*** Information
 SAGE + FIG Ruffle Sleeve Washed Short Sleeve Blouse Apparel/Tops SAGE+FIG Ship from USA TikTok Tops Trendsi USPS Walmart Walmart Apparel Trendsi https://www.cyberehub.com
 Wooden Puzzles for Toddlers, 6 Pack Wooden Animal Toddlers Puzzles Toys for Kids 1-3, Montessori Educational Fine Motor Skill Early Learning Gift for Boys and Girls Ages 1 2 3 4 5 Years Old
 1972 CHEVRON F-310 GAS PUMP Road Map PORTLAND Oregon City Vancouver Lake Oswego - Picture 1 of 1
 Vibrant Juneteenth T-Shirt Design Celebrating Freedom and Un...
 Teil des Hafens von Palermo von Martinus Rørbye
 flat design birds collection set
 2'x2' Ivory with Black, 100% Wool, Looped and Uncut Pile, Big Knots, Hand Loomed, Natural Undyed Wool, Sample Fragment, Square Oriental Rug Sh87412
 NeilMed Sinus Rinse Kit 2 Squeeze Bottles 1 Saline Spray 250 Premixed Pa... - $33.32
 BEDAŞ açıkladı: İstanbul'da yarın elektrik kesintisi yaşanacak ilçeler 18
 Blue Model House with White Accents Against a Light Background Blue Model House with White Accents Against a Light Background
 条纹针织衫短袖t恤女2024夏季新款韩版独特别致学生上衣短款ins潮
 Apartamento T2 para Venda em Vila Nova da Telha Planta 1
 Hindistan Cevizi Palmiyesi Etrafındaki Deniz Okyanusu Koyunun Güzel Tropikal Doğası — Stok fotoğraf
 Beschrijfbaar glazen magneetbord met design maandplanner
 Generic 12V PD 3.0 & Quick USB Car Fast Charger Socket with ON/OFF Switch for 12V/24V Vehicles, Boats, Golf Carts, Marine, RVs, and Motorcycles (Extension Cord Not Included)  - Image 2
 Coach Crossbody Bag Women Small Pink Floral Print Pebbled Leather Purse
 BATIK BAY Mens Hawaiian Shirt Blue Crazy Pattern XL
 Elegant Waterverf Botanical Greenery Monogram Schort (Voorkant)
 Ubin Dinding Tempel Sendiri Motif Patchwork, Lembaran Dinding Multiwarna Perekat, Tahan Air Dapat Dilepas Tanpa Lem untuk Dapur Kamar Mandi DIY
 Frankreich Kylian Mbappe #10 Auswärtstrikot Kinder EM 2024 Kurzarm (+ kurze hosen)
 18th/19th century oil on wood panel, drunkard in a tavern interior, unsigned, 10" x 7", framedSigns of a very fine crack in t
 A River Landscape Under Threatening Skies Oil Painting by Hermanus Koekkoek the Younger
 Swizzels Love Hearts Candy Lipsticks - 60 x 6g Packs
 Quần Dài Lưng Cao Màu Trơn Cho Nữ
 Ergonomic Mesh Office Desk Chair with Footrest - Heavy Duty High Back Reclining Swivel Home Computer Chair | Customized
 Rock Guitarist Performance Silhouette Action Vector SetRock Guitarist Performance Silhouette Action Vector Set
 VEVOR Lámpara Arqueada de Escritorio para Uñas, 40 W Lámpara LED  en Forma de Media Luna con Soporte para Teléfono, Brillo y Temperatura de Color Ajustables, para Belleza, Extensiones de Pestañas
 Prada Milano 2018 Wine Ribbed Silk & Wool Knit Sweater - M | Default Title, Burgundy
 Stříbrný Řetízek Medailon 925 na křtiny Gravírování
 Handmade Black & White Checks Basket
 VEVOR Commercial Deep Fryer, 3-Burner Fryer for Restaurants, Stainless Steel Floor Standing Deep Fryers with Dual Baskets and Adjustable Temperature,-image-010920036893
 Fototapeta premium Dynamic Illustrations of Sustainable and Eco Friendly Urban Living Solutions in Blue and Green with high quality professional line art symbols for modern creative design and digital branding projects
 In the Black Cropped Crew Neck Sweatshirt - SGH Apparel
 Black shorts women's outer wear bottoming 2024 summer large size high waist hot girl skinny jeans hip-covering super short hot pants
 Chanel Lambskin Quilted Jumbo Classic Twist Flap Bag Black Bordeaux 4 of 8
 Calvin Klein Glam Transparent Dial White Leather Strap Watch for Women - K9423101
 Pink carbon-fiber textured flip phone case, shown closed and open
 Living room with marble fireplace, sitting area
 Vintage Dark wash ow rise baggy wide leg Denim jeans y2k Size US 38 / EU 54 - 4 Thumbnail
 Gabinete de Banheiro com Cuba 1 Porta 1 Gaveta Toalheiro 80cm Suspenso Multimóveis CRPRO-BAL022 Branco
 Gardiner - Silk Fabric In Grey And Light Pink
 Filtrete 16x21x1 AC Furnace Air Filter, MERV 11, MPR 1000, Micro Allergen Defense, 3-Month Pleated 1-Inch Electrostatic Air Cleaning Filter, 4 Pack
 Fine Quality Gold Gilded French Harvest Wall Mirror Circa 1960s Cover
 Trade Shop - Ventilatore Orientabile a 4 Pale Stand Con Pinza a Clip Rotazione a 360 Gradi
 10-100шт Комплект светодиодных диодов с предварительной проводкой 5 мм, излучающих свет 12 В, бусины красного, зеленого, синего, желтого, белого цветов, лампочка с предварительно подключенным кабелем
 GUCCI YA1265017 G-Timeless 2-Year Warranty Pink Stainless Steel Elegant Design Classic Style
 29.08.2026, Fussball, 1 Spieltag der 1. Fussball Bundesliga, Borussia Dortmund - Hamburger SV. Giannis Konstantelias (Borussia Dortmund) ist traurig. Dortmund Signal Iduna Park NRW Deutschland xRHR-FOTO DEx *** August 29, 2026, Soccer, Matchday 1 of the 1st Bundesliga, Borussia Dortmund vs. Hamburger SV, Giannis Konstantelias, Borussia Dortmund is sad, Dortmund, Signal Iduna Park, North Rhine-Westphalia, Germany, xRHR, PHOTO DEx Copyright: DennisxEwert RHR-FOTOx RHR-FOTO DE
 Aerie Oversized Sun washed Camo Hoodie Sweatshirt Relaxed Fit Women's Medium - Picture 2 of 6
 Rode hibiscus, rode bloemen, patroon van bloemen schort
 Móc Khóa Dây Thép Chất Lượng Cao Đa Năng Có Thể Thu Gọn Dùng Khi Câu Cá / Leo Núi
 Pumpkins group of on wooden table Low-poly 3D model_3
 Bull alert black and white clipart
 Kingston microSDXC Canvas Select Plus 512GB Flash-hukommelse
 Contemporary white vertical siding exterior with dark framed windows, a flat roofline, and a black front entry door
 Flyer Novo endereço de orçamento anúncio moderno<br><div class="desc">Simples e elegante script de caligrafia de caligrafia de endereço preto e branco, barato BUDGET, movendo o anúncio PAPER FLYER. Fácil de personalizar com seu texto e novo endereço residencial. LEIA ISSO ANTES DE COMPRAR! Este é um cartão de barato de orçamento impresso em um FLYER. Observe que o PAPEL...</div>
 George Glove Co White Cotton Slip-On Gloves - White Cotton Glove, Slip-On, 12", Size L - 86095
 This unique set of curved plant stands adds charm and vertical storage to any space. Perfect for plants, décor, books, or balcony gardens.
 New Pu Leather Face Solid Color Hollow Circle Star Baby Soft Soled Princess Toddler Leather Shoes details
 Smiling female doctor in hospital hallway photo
******
Required work: Give back, exactly as written, the stretch from the line with "Living room with" through the line with "Fine Quality Gold", and no other lines from the records above.

Output below:
 Living room with marble fireplace, sitting area
 Vintage Dark wash ow rise baggy wide leg Denim jeans y2k Size US 38 / EU 54 - 4 Thumbnail
 Gabinete de Banheiro com Cuba 1 Porta 1 Gaveta Toalheiro 80cm Suspenso Multimóveis CRPRO-BAL022 Branco
 Gardiner - Silk Fabric In Grey And Light Pink
 Filtrete 16x21x1 AC Furnace Air Filter, MERV 11, MPR 1000, Micro Allergen Defense, 3-Month Pleated 1-Inch Electrostatic Air Cleaning Filter, 4 Pack
 Fine Quality Gold Gilded French Harvest Wall Mirror Circa 1960s Cover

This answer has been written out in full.